A morte «encomendada» de Paulo Cruz
Maria das Dores atraiu o empresário a um apartamento na Avenida António Augusto de Aguiar, em Lisboa, que havia sido arrendado pela família para se mudar do Lumiar para o centro da cidade. Lá, foi surpreendido por dois homens que lhe deram duas pancadas mortais na cabeça.
«A Maria mandou matar o seu marido», disse-lhe Cristina Ferreira. Sem nunca negar, Maria das Dores fala sobre o que lhe passou pela cabeça na altura para o fazer. «Sim (…) Não pensei. Foi da noite para o dia. Foi depois de muita muita coisa. Muitos episódios de maus-tratos verbais. De me chamar ‘Maria gorda’, de dizer: ‘Olha aquela tão gira’. Depois de tantas coisas feias. E de eu cada vez me sentir mais pequenina. Quando toda a vida me senti uma mulher segura, uma mulher bonita. Sentia-me uma mulher segura, mesmo com apenas um metro e cinquenta e três centímetros. Era tratada como ‘não tens braço. Pesas 100 quilos’.»
«Disse só [ao motorista] que queria que lhe batessem. E ele perguntou: ‘mas bater como?’ e eu disse: ‘quero que o Paulo morra. Quero que o meu marido morra’. Disse isso», confessa. «Não consegui nunca ver. Acho que queria entrar parta evitar. Porque, no fundo, telefonei e acabei por ir lá bater à porta. Não sei. Acho que estava a tomar anfetaminas que me tinham trazido do Brasil, para emagrecer, e deu-me um clique na cabeça. Arrependi-me logo. De repente, disse aquilo e, depois, quando estava a caminho do Campo Grande telefonei (…) Voltei para lá, comecei a bater à porta, chamei os bombeiros, a polícia, bati à porta da porteira», relembra.
«Estou tão arrependida»
Até hoje, Maria das Dores não encontra explicação para o que se passou em 2007 e diz estar profundamente arrependida do que fez. «Aquilo foi um momento que eu tive. Comecei a pensar em tudo. Fiquei sem um braço. Ele não esteve no velório da minha mãe. Pensei em tudo. ‘Vais-me pedir o divórcio. Vais ficar com o Duarte (filho mais novo). Eu, se calhar, vou ficar sem nada. Eu não posso ficar sem o Duarte’. Eu sabia que ele me ia pedir o divórcio. Eu não queria. Não sei explicar. Estou tão arrependida», diz. «Levei anos a pensar que o ia reencontrar, quando saísse. Não sei explicar o que se passou comigo».

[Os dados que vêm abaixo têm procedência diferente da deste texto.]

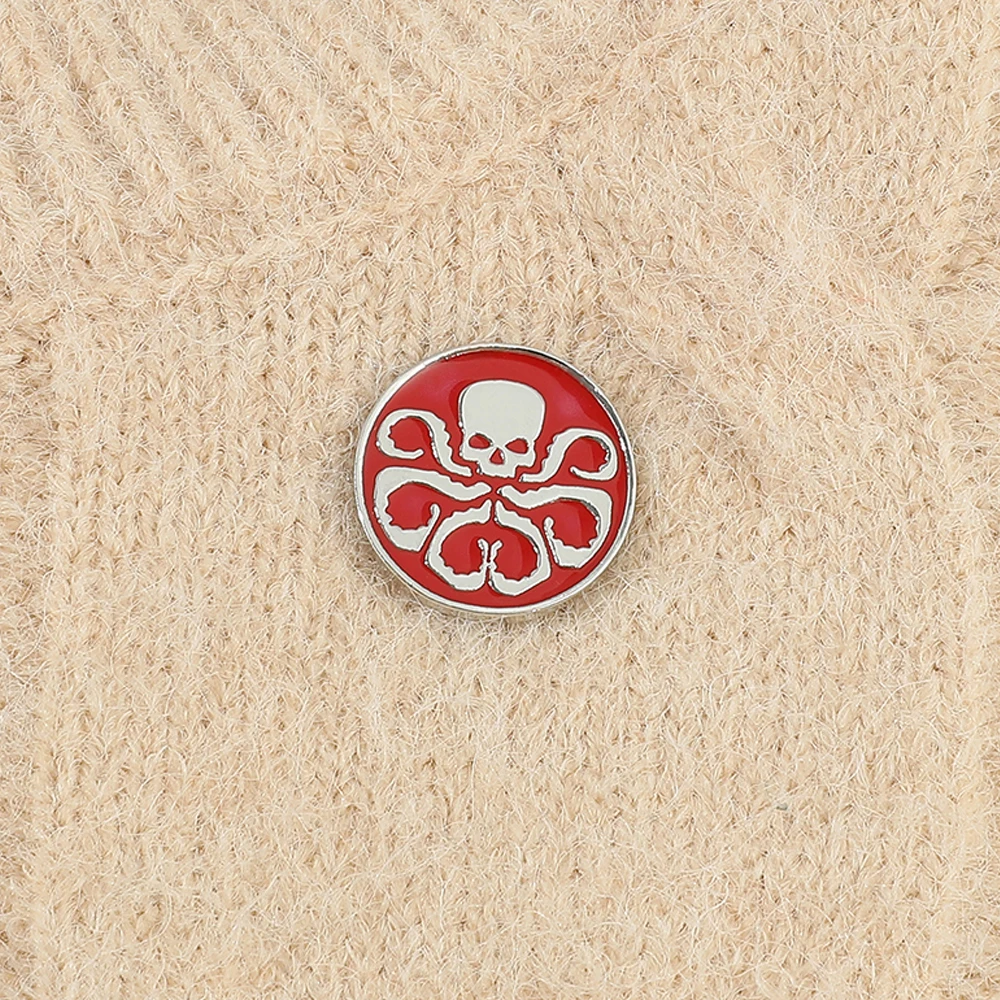 Marvel Movie Villain HYDRA Logo Metal Enamel Badges Skull Brooches for Films Jewelry Pins Accessories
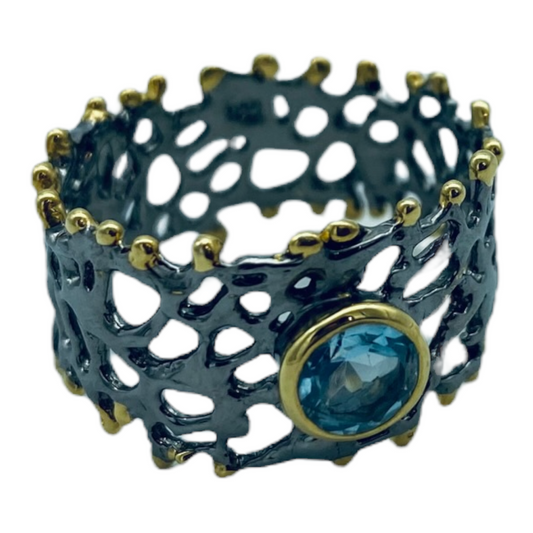 Ring - Fan of the Sea, Topaz with Yellow Gold Accents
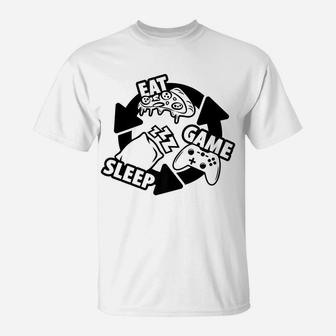 Eat, Sleep, Gaming, Repeat, Beautiful Video Game Design T-Shirt | Crazezy UK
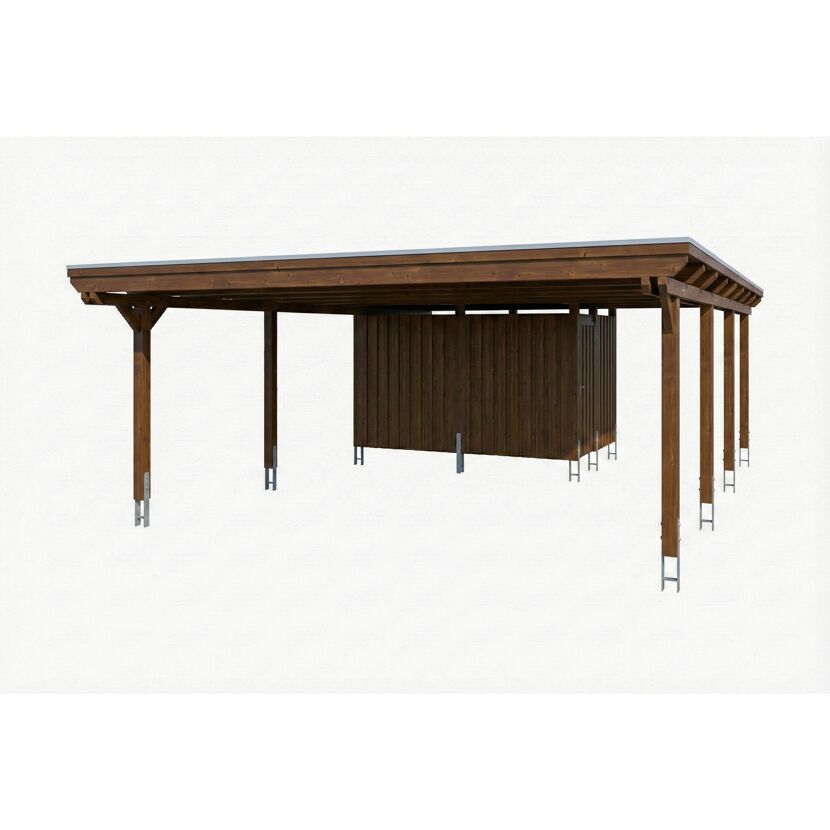 Doppelcarport 'Emsland' nussbaumfarben 609 x 846 cm mit Stahl-Dachplatten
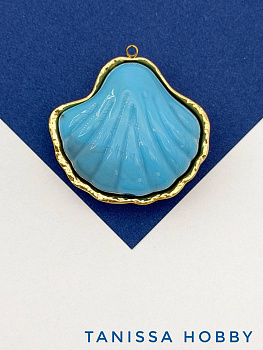 Подвеска ракушка гребешок, бирюзовый, сталь, позолота, Ш519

«Tudo de mal que me aconteça é pouco»
Consciente do crime que cometeu, Maria das Dores garante que não é nenhuma «psicopata». «Ninguém tem o direito de tirar a vida a ninguém. É o que sei. E eu fi-lo. Portanto, tudo de mal que me aconteça é pouco. Tenho de pedir perdão às pessoas que vitimizei. Agora, não sou uma psicopata nem ando para aí a pensar em matar pessoas. Acho que a paixão que tinha por ele tocou o ódio, naquele dia. Tínhamos estado em Nova Iorque e as coisas tinham corrido tão mal. Ele tratou-me tão mal em dezembro, isto foi em Janeiro».
Maria das Dores é tida como uma reclusa tranquila, que trabalha na biblioteca e está presa desde 2008 no Estabelecimento Prisional de Tires. Em janeiro do ano passado, 10 anos depois de ter sido presa, Maria das Dores foi recompensada com a primeira saída precária onde lhe foi permitido passar três dias em liberdade.